Opportunity lost.

AuthorWaldman, Amy
PositionHow health care reform failed

The Clintons hid the details of their health care reform plan; their opponents turned ignorance to their advantage. And a rare chance for major change was squandered

Christopher Lasch's obituary was written before the Health Security Act's was--he died in February 1994, the health care reform effort some six months later--so there's no knowing how he would have viewed the undertaking. But from his writing, notably the posthumously published The Revolt of the Elites, it's not hard to make an educated guess. Our have and have-not health care system epitomizes the "two-class society" he abhorred, in which "the favored few monopolize the advantages of money, education, and power." That monopoly of advantage threatens not just equality of opportunity, Lasch believed, but quality of life. In the case of health care, it can threaten life itself.

But it also seems likely that Lasch would have found the effort to reform the health care system equally disturbing. "Having effectively been excluded from public debate on the grounds of their incompetence," Lasch wrote in The Revolt of the Elites, Americans "have become almost as incompetent as their critics have always claimed." As several new books(1) show, the health care "debate"--the word seems overly generous given the quality of the exchange--affirmed his tautology.

To start, the Clintons deliberately obfuscated the details of their plan, keeping the discourse of the debate as vague as possible. Their opponents--whether Rush Limbaugh, the small business lobby, or GOP strategist Bill Kristol--saw the public's ignorance as a weapon, not a problem. And journalists did too little to fill the breach of understanding.

The result was a confused, then fearful, public. In March 1994, in one of the press's more enlightening moments, The Wall Street Journal's Hilary Stout published a story headlined "Many Don't Realize It's the Clinton Plan They Like." Polls showed that most Americans opposed the Clinton bill; but a focus group indicated that may have been because they didn't understand it. "No one [in the focus group] expresses support for Mr. Clinton's sweeping proposal," Stout wrote. "In fact, no one can explain it." (Among their misimpressions: Under the Clinton plan, using a doctor other than the one you'd been assigned would land you in jail.) When asked to evaluate an unnamed plan with the Clinton plan's features, however, poll respondents--and the focus group--were overwhelmingly approving, even preferring it over rival proposals in Congress. There were few starker illustrations of the failure, by all sides, to educate the public or argue the issues on their merits.
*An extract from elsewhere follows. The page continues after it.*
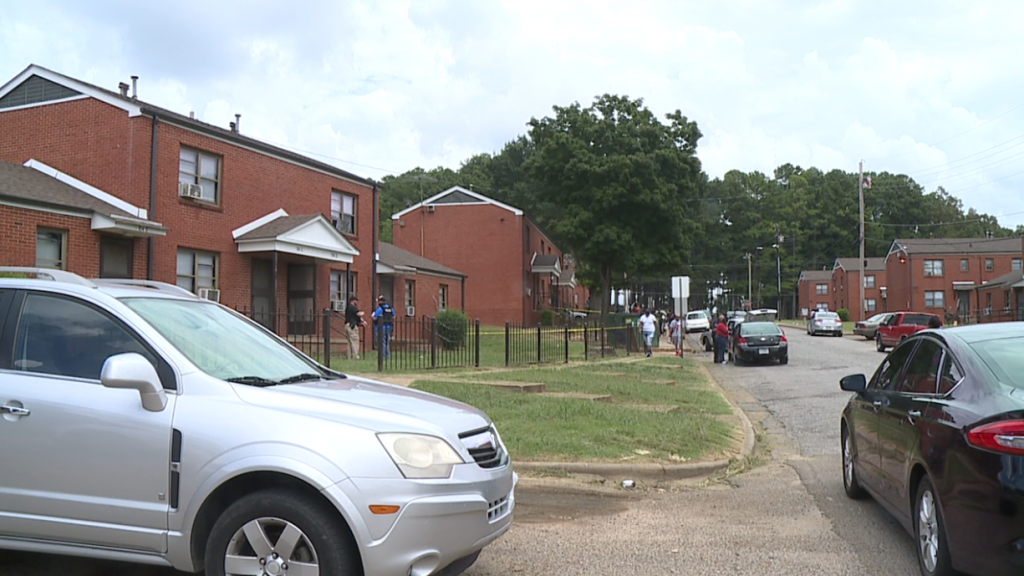 Screen Shot 2020 08 15 At 9.47.38 Am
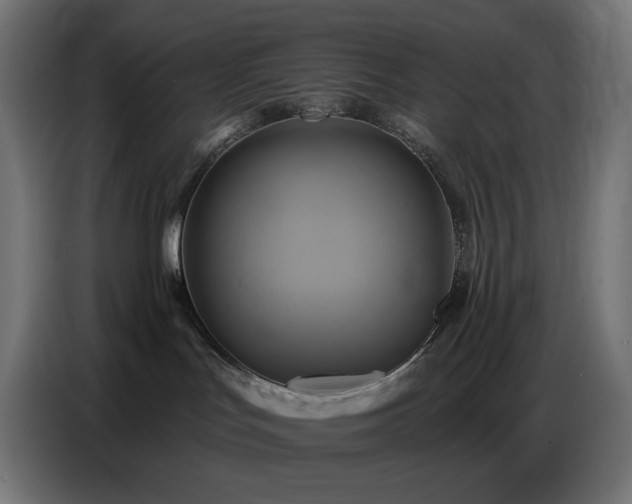 X0000086750047200704131200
Health care reform was one of the most ambitious legislative undertakings in the history of American government; its success could have bettered the lives of millions of Americans. And in an age of mass media and perpetual polling, public opinion was destined to play a major role.

Yet those conducting and reporting the debate deliberately ducked their responsibility to create an informed public--not just on the specifics, but on the broader issues (such as spiraling costs) and choices (such as how to finance the new system) that underlay reform. The result, of course, was not dramatic change, but the entrenchment of a flawed system.

The tragedy of failure was twofold: Quality, affordable health care is still out of reach for millions of Americans, and their numbers are growing. What's more, we damaged an already fragile democratic process--and thus our ability to confront serious societal ills. By combing through the wreckage of health care reform's ignominious end, perhaps we can avoid being condemned to repeat its mistakes.

Word Games

In retrospect, it might seem impossible for the Clintons to have succeeded in passing a sweeping health care reform package. They were seeking massive change in an industry that generates billions in annual income. Thousands of businesses had a life-and-death stake in the status quo. Meanwhile, trying to legislate reform in the rabidly partisan political environment of 1993 was something akin to dancing in quicksand. When the Clintons tried to compromise, their opponents grew coy. ("Every time I start in the middle, Bob Dole moves the middle to the right," Clinton lamented at one point.) The famous Bill Kristol memo--which instructed the GOP to oppose any reform proposal sight unseen--was proof of their disinterest in debating an honestly defined statement of the Clintons' facts and logic.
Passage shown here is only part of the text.